As shown in FIG. 8, pullout prevention mechanism 50Aa of this modified example has generally same arrangement as the above-described pullout prevention mechanism 50A, except that groove 80 is formed in the portion of plug 18 between terminal part 22 and finger-grip part 24, and that shaft member 54 is attached rotatably to stand main body 32 (not shown in FIG. 8) by bearing member 82. In particular, movement of shaft member 54 in the axial direction is restricted by bearing member 82.

In this modified example, one end of coil spring 62 is anchored to projection 64 of shaft member 54, and its other end is anchored to, for example, sidewall 44 of stand main body 32, so that hook member 56 is biased only in the counterclockwise direction. In this example, stopper 84 is provided to limit the range of rotation of hook member 56 in the counterclockwise direction.

In operation of pullout prevention mechanism 50Aa of this modified example, first, hook member 56 is manually driven to rotate in the clockwise direction against the biasing force of coil spring 62 as shown by arrow D in FIG. 8, thereby to exposes socket 20 entirely, and then plug 18 is inserted into socket 20. After that, the external force being applied to hook member 56 is released. As a result, the biasing force of coil spring 62 causes hook member 56 to rotate in the counterclockwise direction, whereby notch 58 of hook member 56 engages with groove 80 of plug 18 (as drawn with dotted lines).

In this state, if an attempt of pullout of plug 18 is made, the circumference part of notch 58 of hook member 56 contacts to the sidewall of groove 80 of plug 18 to provide resistance against the pulling, whereby pullout of plug 18 from socket 20 is effectively prevented.

In particular, in this modified example, the length of shaft member 54 can be made short, which saves space for the installation space for pullout prevention mechanism 50Aa.

(Second Embodiment)

Next, referring to FIG. 9, pullout prevention mechanism 50B according to a second embodiment of the invention will be described.

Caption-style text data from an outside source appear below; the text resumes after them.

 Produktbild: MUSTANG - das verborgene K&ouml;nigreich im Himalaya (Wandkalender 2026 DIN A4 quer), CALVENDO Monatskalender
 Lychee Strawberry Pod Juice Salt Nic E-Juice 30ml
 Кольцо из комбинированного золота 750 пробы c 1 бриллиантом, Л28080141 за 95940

As shown in FIG. 9, pullout prevention mechanism 50B according to this second embodiment is constituted so as to include two tabs 90 inwardly projecting from the inside circumference of socket 20 and, and grooves 92 which are formed in the circumference of plug 18 and through which tabs 90 are inserted.

Tabs 90 are provided at mutually opposite positions on the inside circumference of socket 20. Grooves 92 are provided in plug 18 at two locations corresponding to the two tabs 90. Each groove 92 has an opening 94 in the front end of finger-grip part 24, and groove 92 is shaped so as to extend straight at the front half along the axis of plug 18 toward the back of plug 18 and then extend approximately at a right angle and along the circumference of plug 18. That is, each groove 92 is formed in a roughly L shape.

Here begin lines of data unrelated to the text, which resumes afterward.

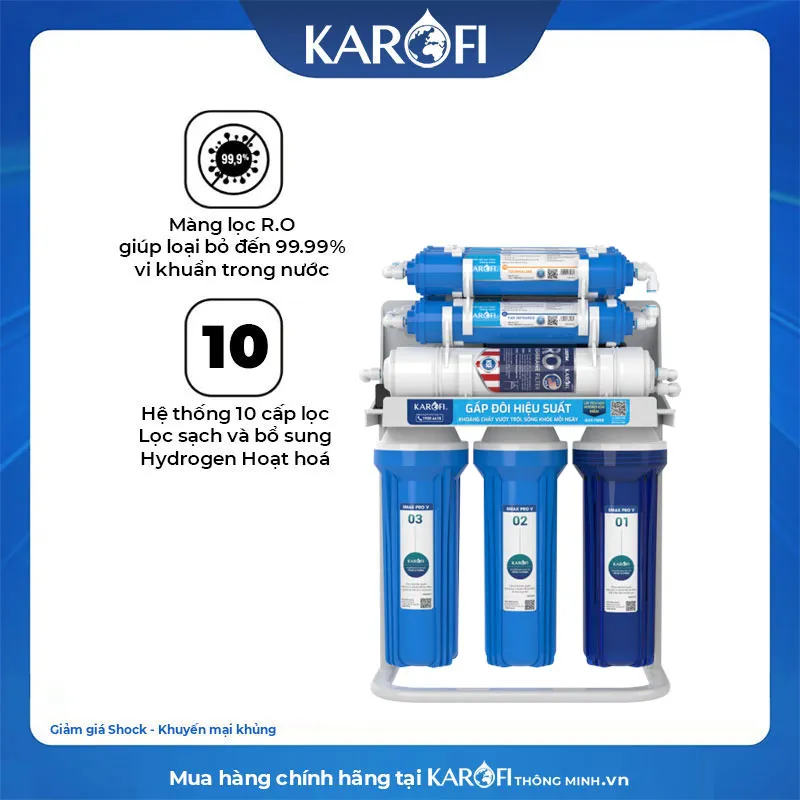 Máy lọc nước RO Karofi KHY-TN100- Hydrogen - 10 lõi cao cấp - New 2026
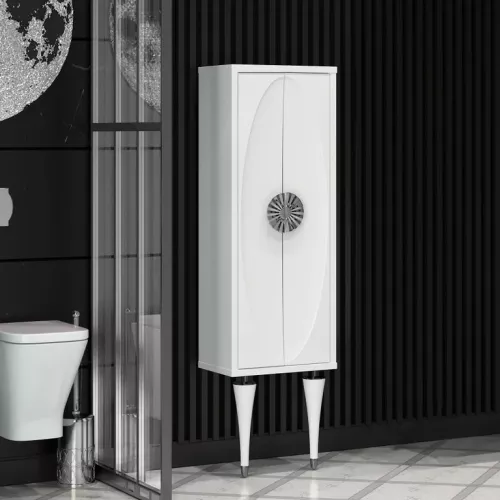 Пенал OPADIRIS  Ибица 2-створчатый  Белый/Хром, Выбрать цвет: Белый/хром, изображение 3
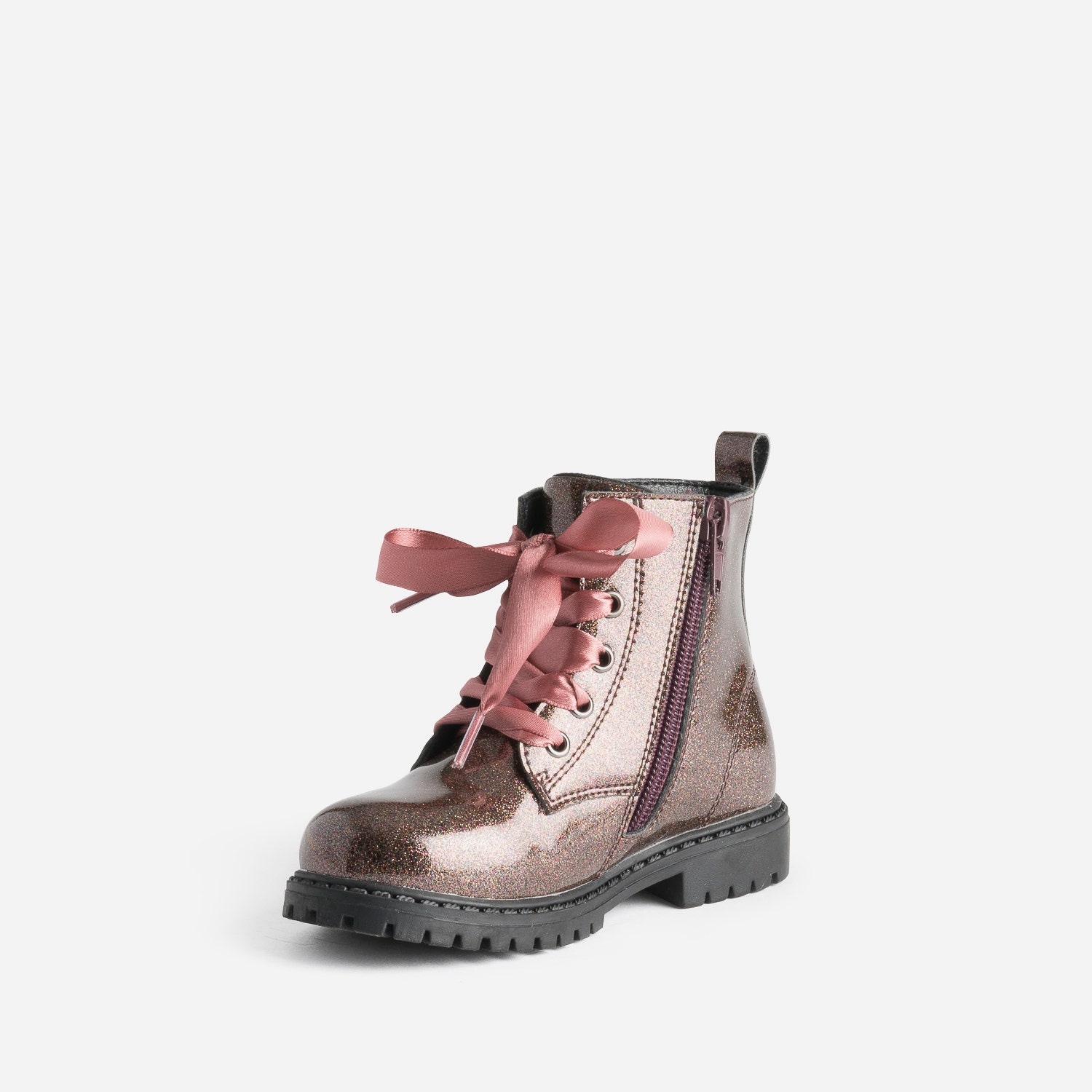 Boots à lacet BUGGY rose pailleté à lacet ruban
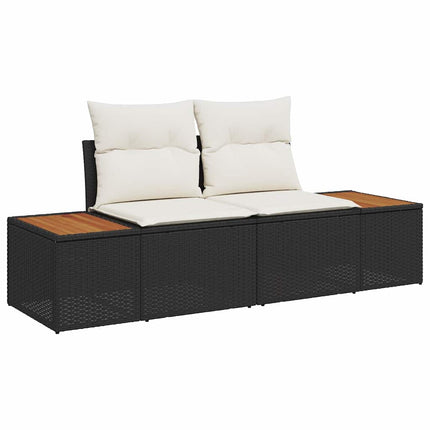 Trädgårdsoffset 6 st Svart Poly rattan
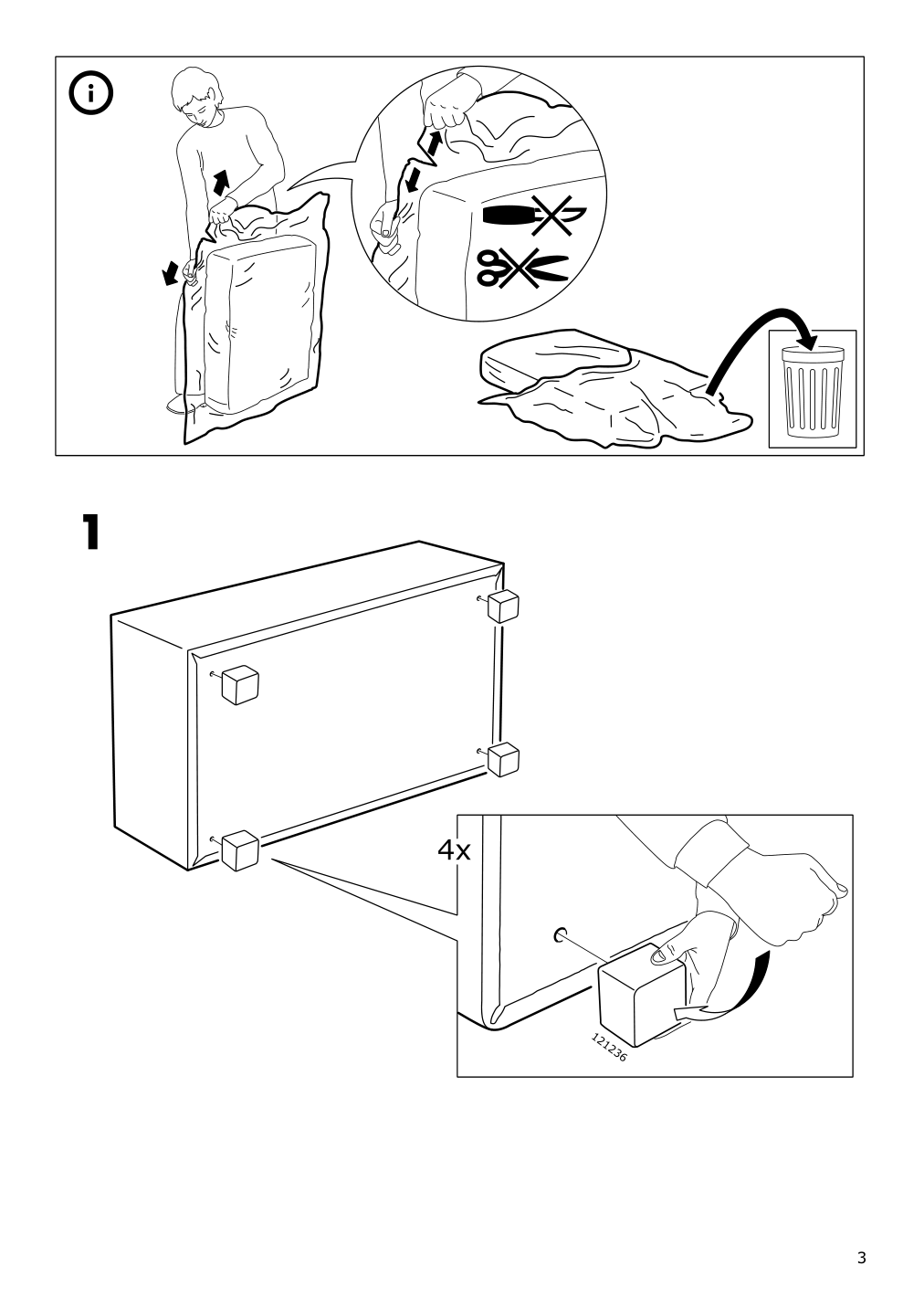 Assembly instructions for IKEA Kivik cover for ottoman with storage borred dark brown | Page 3 - IKEA KIVIK cover for ottoman with storage 803.429.57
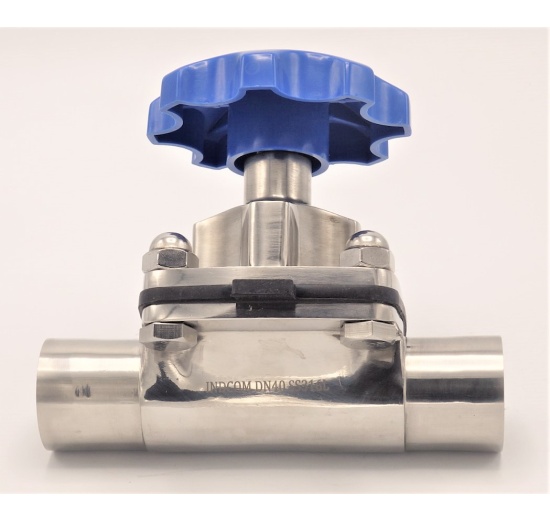 Diaphragm valve, welded S-S, VMQ DN40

In operation, for inserting plug 18 into socket 20, first, plug 18 is positioned such that tabs 90 on the side of socket 20 align with grooves 92 of plug 18. From this state, plug 18 is inserted into socket 20 as shown by arrow F in FIG. 9, and then rotated in the opposite direction from the bending direction of grooves 92, as shown by arrow G. And then, by pulling plug 18, tabs 90 come into contact with the sidewalls of grooves 92, so that plug 18 can not easily be pulled out from socket 20.

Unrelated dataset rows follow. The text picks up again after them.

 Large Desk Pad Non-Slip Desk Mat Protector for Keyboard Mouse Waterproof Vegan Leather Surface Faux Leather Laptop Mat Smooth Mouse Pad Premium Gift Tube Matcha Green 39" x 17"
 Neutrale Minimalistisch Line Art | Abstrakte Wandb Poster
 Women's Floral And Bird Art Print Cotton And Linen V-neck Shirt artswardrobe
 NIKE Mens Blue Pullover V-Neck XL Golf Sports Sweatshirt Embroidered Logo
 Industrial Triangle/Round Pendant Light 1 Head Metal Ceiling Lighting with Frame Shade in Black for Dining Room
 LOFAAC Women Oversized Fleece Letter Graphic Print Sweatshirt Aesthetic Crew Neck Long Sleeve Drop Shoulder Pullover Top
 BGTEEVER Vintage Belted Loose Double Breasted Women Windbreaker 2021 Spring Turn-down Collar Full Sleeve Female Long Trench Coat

In particular, because two tabs 90 are provided in mutually opposite positions on socket 20, the structure for preventing pullout of plug 18 can be simplified. Moreover, because grooves 92 are formed in a L-shape, plug 18 will not come out from socket 20 as long as plug 18 is not forced to rotate in the bending direction of the grooves, and therefore reliable pullout prevention can be achieved. In addition, when it is desired, plug 18 can be pulled out easily, by performing the reverse operation of the insertion procedure described above.

(Third Embodiment)

Referring to FIGS. 10-12, pullout prevention mechanism 50C according to a third embodiment of the invention will be described herein below.

As shown in FIG. 10, pullout prevention mechanism SOC according to the third embodiment is constituted so as to have rectangular opening 100 in the middle of rear surface 32a of stand main body 32, as shown in FIGS. 11 and 12, and a first projection 102 on the bottom of stand main body 32 and near opening 100 for winding power line 16 around it.

Denoting by Ld the diameter of power line 16 and by Lm the shortest distance between the edge of opening 100 and first projection 102, they are set so as to satisfy the relationship Lm≦Ld. Also, in this third embodiment, intermediate member 104 extends from first projection 102 into opening 100 to partition opening 100, and denoting by Ln the shortest distance between the edge of opening 100 and intermediate member 104, they are set so as to satisfy the relationship Ln≦Td.

Moreover, two tabs 106 extend horizontally from the opposite side of the lower end of first projection 102 from opening 100, and a second projection 108 is provided on the bottom of stand main body 32 near first projection 102 so that the second projection may contact power line 16 wound around first projection 102. In this case, denoting by Lp the shortest distance between first projection 102 and second projection 108, they are set so as to satisfy the relationship Lp≦Ld.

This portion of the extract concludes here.